Before you start defining the elements of a healthy performance review process, it’s worth investigating how or where your process went wrong. Historically, performance reviews were created with the best of intentions and remained unchanged for centuries.
The idea that people are motivated by knowing where they stand within an organization gave birth to the “rank and yank” method of ranking employees into top, average, and poor performing tiers (and eliminating those at the bottom). This was popularized by Jack Welch, former CEO and Chairman of General Electric (1980-2001).
As with many common business practices, the millennial generation is challenging the way performance reviews work.

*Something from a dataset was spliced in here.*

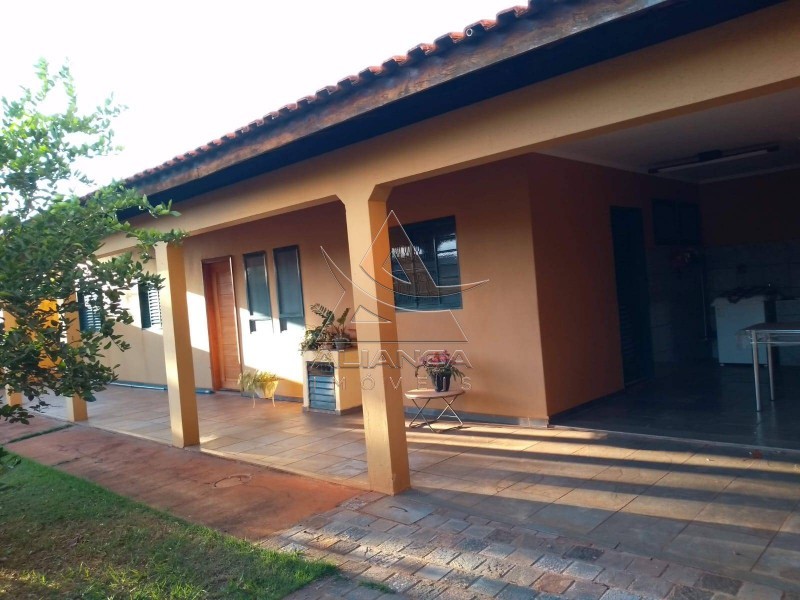 Aliança Imóveis - Imobiliária em Ribeirão Preto - SP - Casa Condomínio - Royal Park - Ribeirão Preto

Not only have forced ranking and merit-based raises been found ineffective, leaders and human resources professionals have reported performance reviews to be a significant waste of time.
While performance management is sometimes a necessary evil, thankfully, the delivery system and the value it provides is trending in a healthier direction. Let’s have a look at five elements of a healthy performance review process.
The traditional performance review that takes place once or twice a year tends to be an anxiety-inducing event in which employees are sometimes blindsided by their supervisor’s perception of their performance. To be effective, performance feedback should be delivered on a regularly scheduled basis so it becomes less stressful and includes more than an overview of how they have performed over the last twelve months.
Employees will have a better chance to grow, improve, and possibly change their approach to work if they’re receiving timely, specific feedback rather than waiting several months to a year after the fact to hear about their performance.
2. A Strong Focus on Goals
A healthy performance review process includes more than just feedback, it’s a great opportunity to establish goals and expectations. This is another reason the review process should be done more regularly. As soon as current goals are met or exceeded, you can put new ones in place, rather than waiting until a formal review to adjust strategy. This will help keep your team members from growing bored or frustrated and keep them focused on imperative business objectives.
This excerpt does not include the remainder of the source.